# Valinor



## Éomond (Dec 21, 2002)

I just started reading the Silmarillion and I can't find where Valinor is. 

Where is Valinor???


----------



## Anamatar IV (Dec 21, 2002)

Valinor _was_ across the sea from Beleriand (note: note middle earth) in Aman.

But it gets removed from the confines of the world later in the book.


----------



## Éomond (Dec 21, 2002)

Ok thanks, I felt real stupid looking at the map all the time trying to figure it out.

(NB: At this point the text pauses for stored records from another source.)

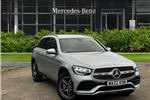 2022 Mercedes-Benz GLC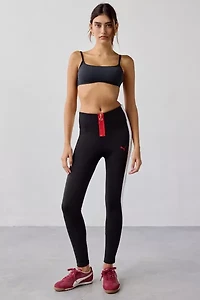 Puma T7 Zip Colorblock Legging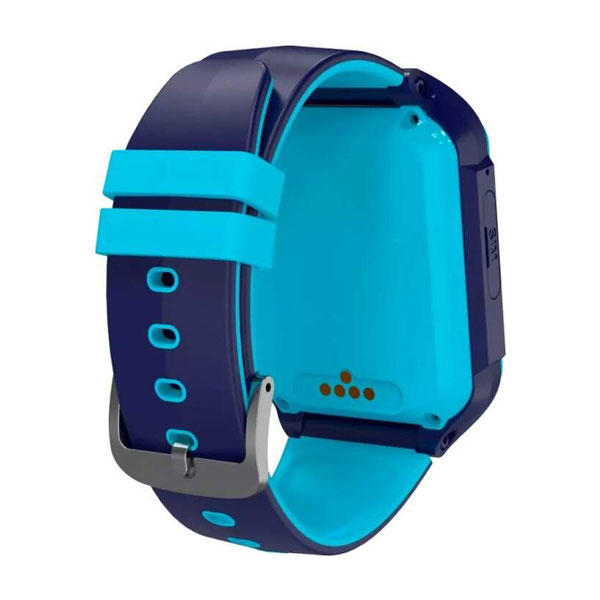Canyon KW-41, Cindy, smart hodinky pre deti, modré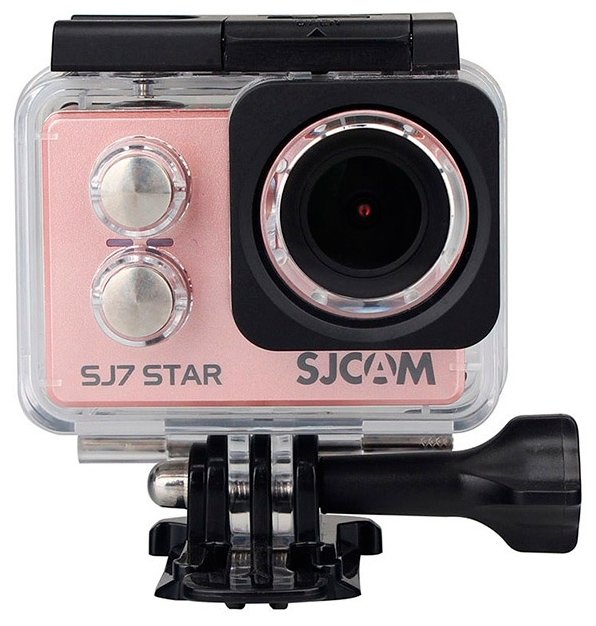 Экшн-камера SJCAM SJ7 Star (фото modal 16)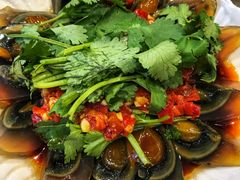 凉拌皮蛋-全启和美食(由由店)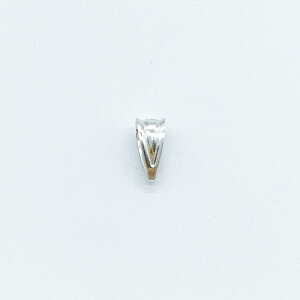 �V���o�[925 �o�`�J�� SVBKN-12 3.5x7mm 4��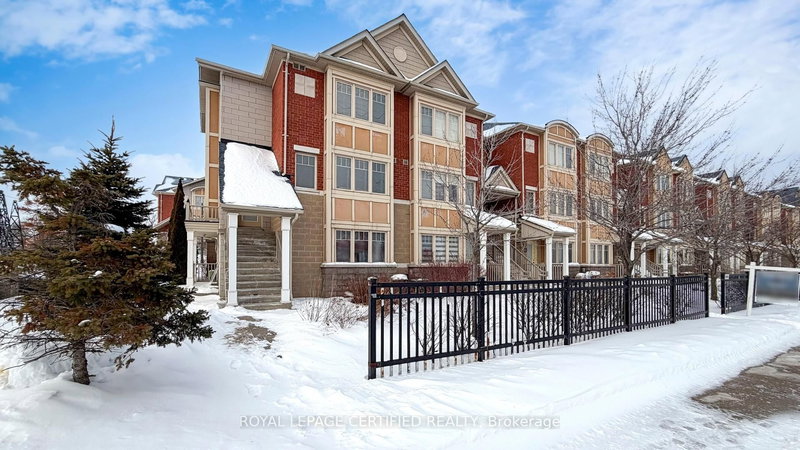 22 - 3985 Eglinton Ave W, Mississauga, L5M 0E5 | Image 2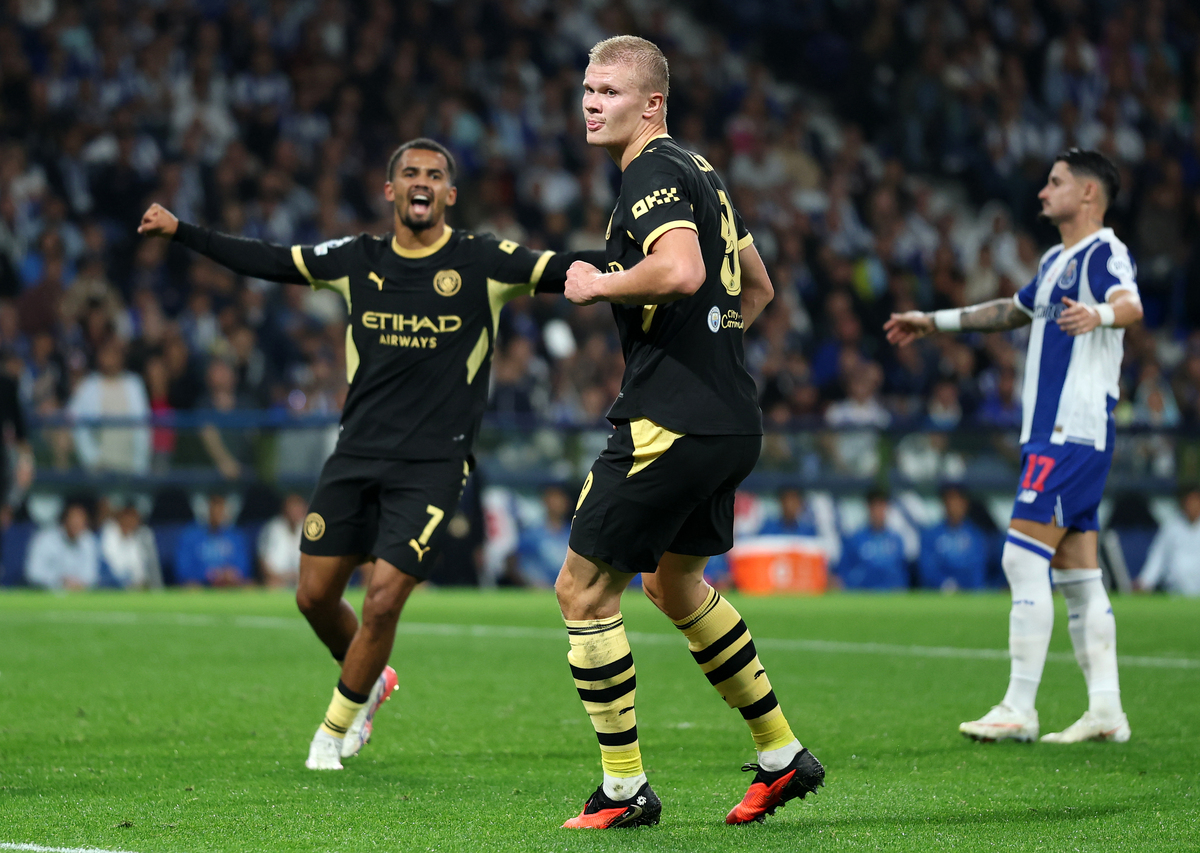 champions league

Where does it say in the book where it is?


----------



## Manwë Súlimo (Dec 22, 2002)

From the chapter Of the Beginning of Days in the Silmarillion:


> Thus ended the Spring of Arda. The dwelling of the Valar upon Almaren was utterly destroyed, and they had no abiding place upon the face of the Earth. Therefore they departed from Middle-earth and went to the Land of Aman, *the westernmost of all lands upon the borders of the world; for its west shores looked upon the Outer Sea*, that is called by the Elves Ekkaia, encircling the Kingdom of Arda. how wide is that sea none know but the Valar; and beyond it are the Walls of the Night. But the east shores of Aman were the uttermost end of Belegaer, the Great Sea of the West; and since Melkor was returned to Middle-earth and they could not yet overcome him, the Valar fortified their dwelling, and upon the shores of the sea they raised the Pelóri, the Mountains of Aman, highest upon Earth. And above all the mountains of the Pelóri was that height upon whose summit Manwë set his throne. Taniquetil the Elves name that holy mountain, and Oiolossë Everlasting Whiteness, and Elerrína Crowned with Stars, and many names beside; but the Sindar spoke of it in their later tongue as Amon Uilos. Taniquetil Manwë and Varda could look out across the Earth even into the furthest East.
> *Behind the walls of the Pelóri the Valar established their domain in that region which is called Valinor*; and there were their houses, their gardens , and their towers. In that guarded land the Valar gathered great store of light and all the fairest things that were saved from the ruin; and many others yet fairer they made anew, and Valinor became more beautiful even the Middle-earth in the Spring of Arda; ad it was blessed, for the Deathless dwelt there, and there naught faded nor withered, neither was there any stain upon flower or leaf in that land, nor any corruption or sickness in anything that lived; for the very stones and waters were hallowed.


 that is where Valinor is.


----------



## Gil-Galad (Dec 23, 2002)

Later Valinor is re-placed .Because of men,because of Numenorians.Is re-placed outside the visible world and there are secret path which only elves know so they can reach Aman.


----------